On Behalf of | Feb 13, 2024 | Drunk Driving

Sometimes, drivers immediately understand why a police officer has pulled them over. They may have a burned-out brake light or be aware that their speed is inappropriately high. Other times, they don’t know an officer’s intention for the traffic stop until they approach the vehicle.

Sometimes, an officer might believe that a driver is under the influence of alcohol. A police officer in Illinois might ask someone questions about their activities that day or even ask them to perform field sobriety tests during a traffic stop. Eventually, an officer could request that a driver perform a chemical breath test to determine whether they are over the legal limit for their blood alcohol concentration (BAC) or not.
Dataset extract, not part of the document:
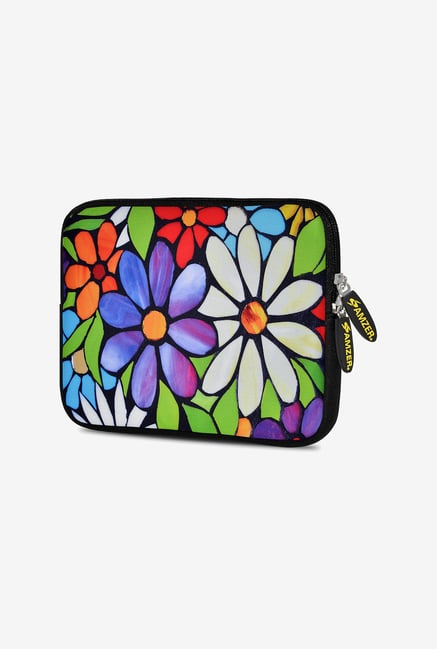 Amzer 10.5 Inch Neoprene Sleeve - Summer Garden Amzer 10.5 Inch Neoprene Sleeve - Summer Garden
When can police officers in Illinois request or require that a motorist perform a breath test?

When the driver consents

Police officers often get around the limitations on their authority by tricking or manipulating drivers and other members of the public. They ask for permission to do something that otherwise they likely could not. An officer might ask someone to submit to a breath test early in a traffic stop before they have a viable reason to compel them to undergo testing. If a driver gives their consent to testing, an officer could potentially administer it without having the justification to arrest someone or compel them to undergo the test.

When they have probable cause

Police officers begin developing a case against someone as soon as they initiate a traffic stop. They note factors like someone’s appearance and their answer to questions when determining whether they have probable cause to arrest them. What someone says and how they perform on a field sobriety test, combined with their behavior in traffic, might give the officer the probable cause the law requires for them to arrest the driver. Once the officer has the necessary probable cause to arrest someone, they also have the ability to invoke the state’s implied consent law.
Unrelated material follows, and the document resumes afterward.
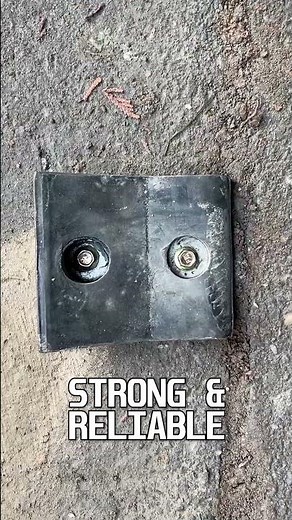 Driveway Gate Rubber Stopper is an important & recommended component that can help the gate on wind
If a police officer has the necessary probable cause to arrest someone for impaired driving, the motorist has effectively already given their consent to chemical testing. Should they refuse the test at that point, the officer could arrest them simply because they would not submit to the test. The motorist could then face secondary consequences as their impaired driving case goes through court, and they may also face charges related to the violation of the implied consent law.

Drivers who are aware of their rights and the limits on police authority are less likely to make mistakes that could lead to their prosecution, such as submitting to a test when an officer does not have any real justification to perform it. As such, learning about traffic laws in Illinois may benefit those who regularly drink and worry about facing unfair prosecution.